Wouldn't you be asking questions and demanding answers? Wouldn't you go to the school and the doctors and insist on knowing what they mean by saying this is inherited? Wouldn't you be going on the Internet to search for information and maybe starting support groups for the parents? Wouldn't you be wondering how your child, perfect in every other way, could suddenly become a cripple at such an early age? And you would be right in seeking answers.
Now suppose that your child comes home from school one day and says,
"Mom, I can't see the words on the board like I used to. Everything is blurred. They say I am nearsighted and need glasses. They say I'll have to wear the glasses the rest of my life and that it will only get worse. And one third of the other kids are already wearing glasses. They say that I inherited this, but you and dad aren't nearsighted. My grandparents aren't nearsighted. I don't understand this. What's happening to me?"
Shouldn't you be seeking answers, as in the previous example, about how it can be that your child, perfect in every other way, could suddenly become a visual cripple at such an early age? But that is not the typical response of a parent. A typical response might be, "Son, the doctors know best. We'll go to town tomorrow and buy you some glasses. I'm sure you'll get used to them."
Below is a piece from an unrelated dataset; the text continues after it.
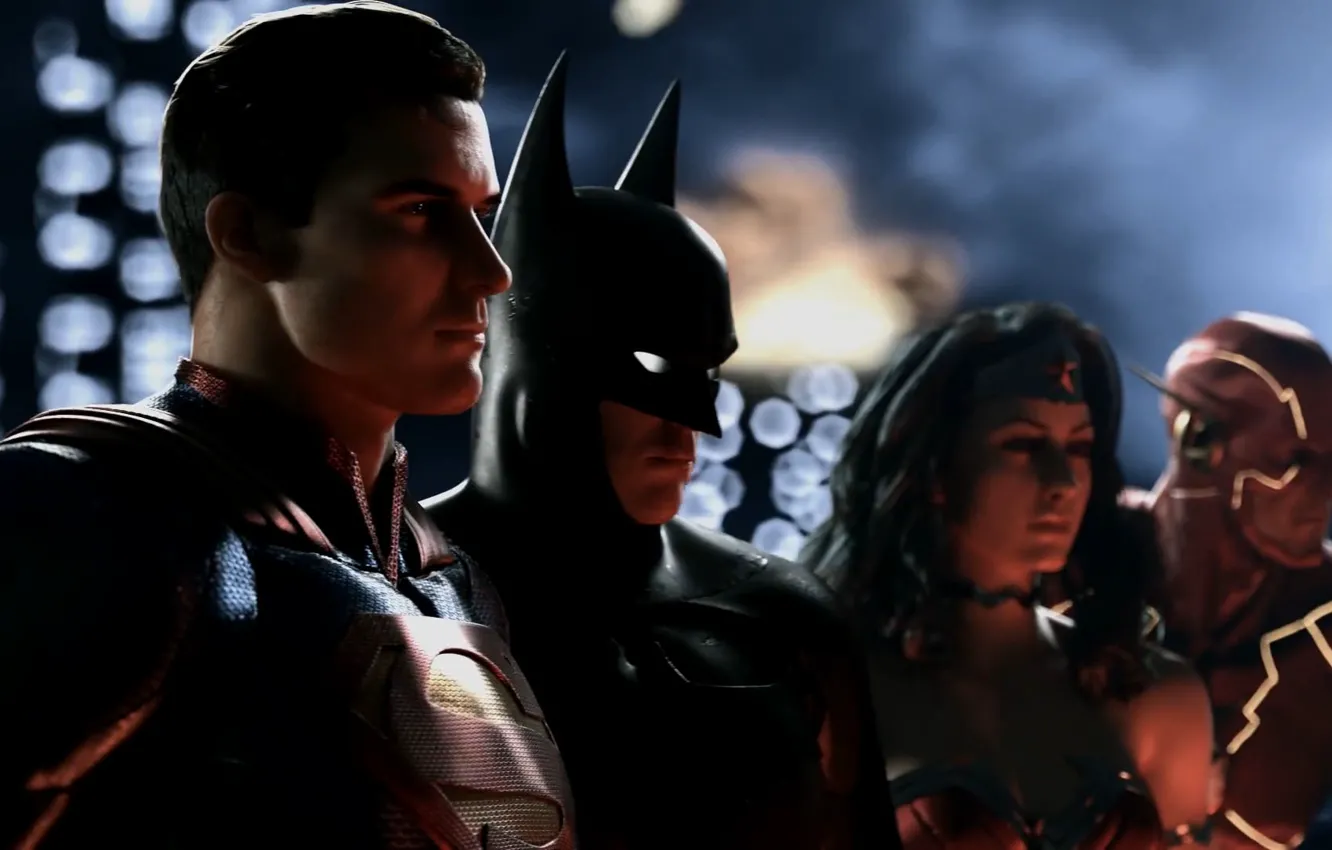 Фото обои Wonder Woman, Batman, Superman, Flash, Infinite Crisis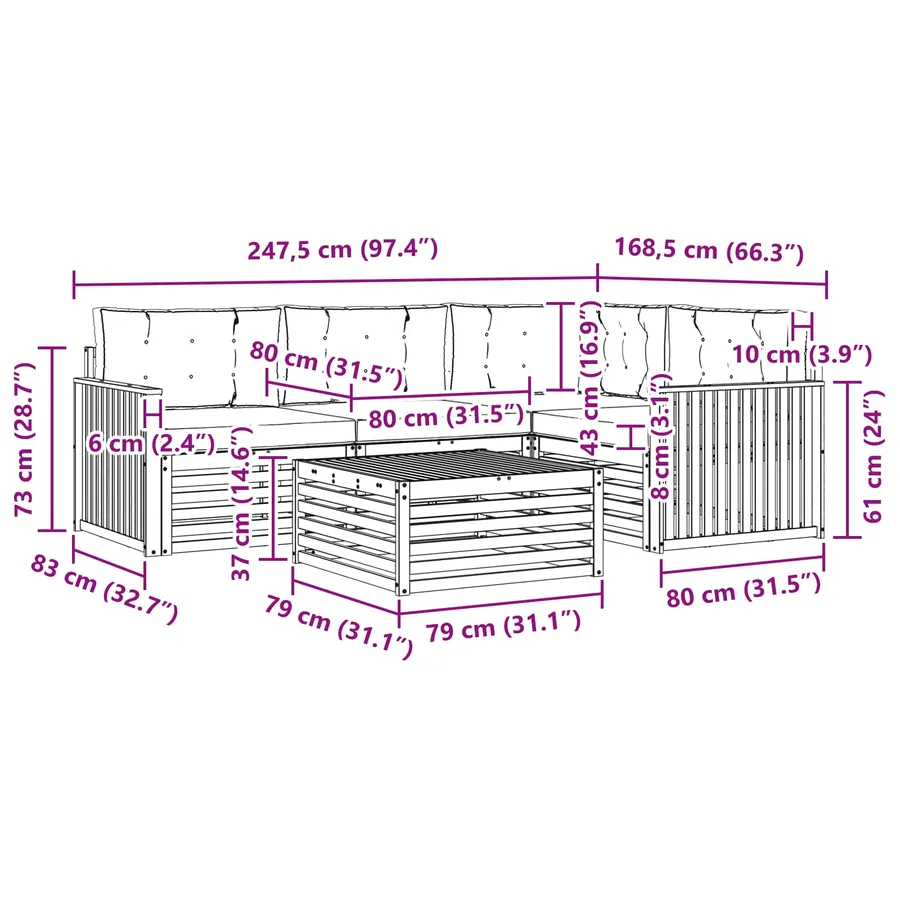 Ensemble de canapés d'extérieur 5 pc Blanc et anthracite - 7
Why this paradox? The choice is yours. Will you make the right decision?
Quiz No. 2
Quiz No. 3
Quiz No. 4
And here is a quiz you can use on your eye doctor:
1. Are you aware that many researchers are convinced that prolonged close work causes myopia?
2. Are you aware of evidence that increased computer use is contributing to more children becoming nearsighted?
3. What proof do you have that the distance glasses that are usually prescribed won't make my child's vision worse?
4. Doesn't reading in poor light make the eyes focus more and cause myopia to increase?
5. Shouldn't my child hold the book as far away as possible to relax the focusing muscles?
6. Isn't it true that allowing myopia to develop increases the risk of retinal detachment and other serious eye problems?
7. Would you read www.myopia.org and give me your comments?
8. Wouldn't it be a good idea to refer parents to that web site so we can become aware of our choices?
9. Have you ever prescribed plus power reading glasses for a child to prevent myopia?
10. Will you prescribe plus power reading glasses for my child or do I have to go somewhere else?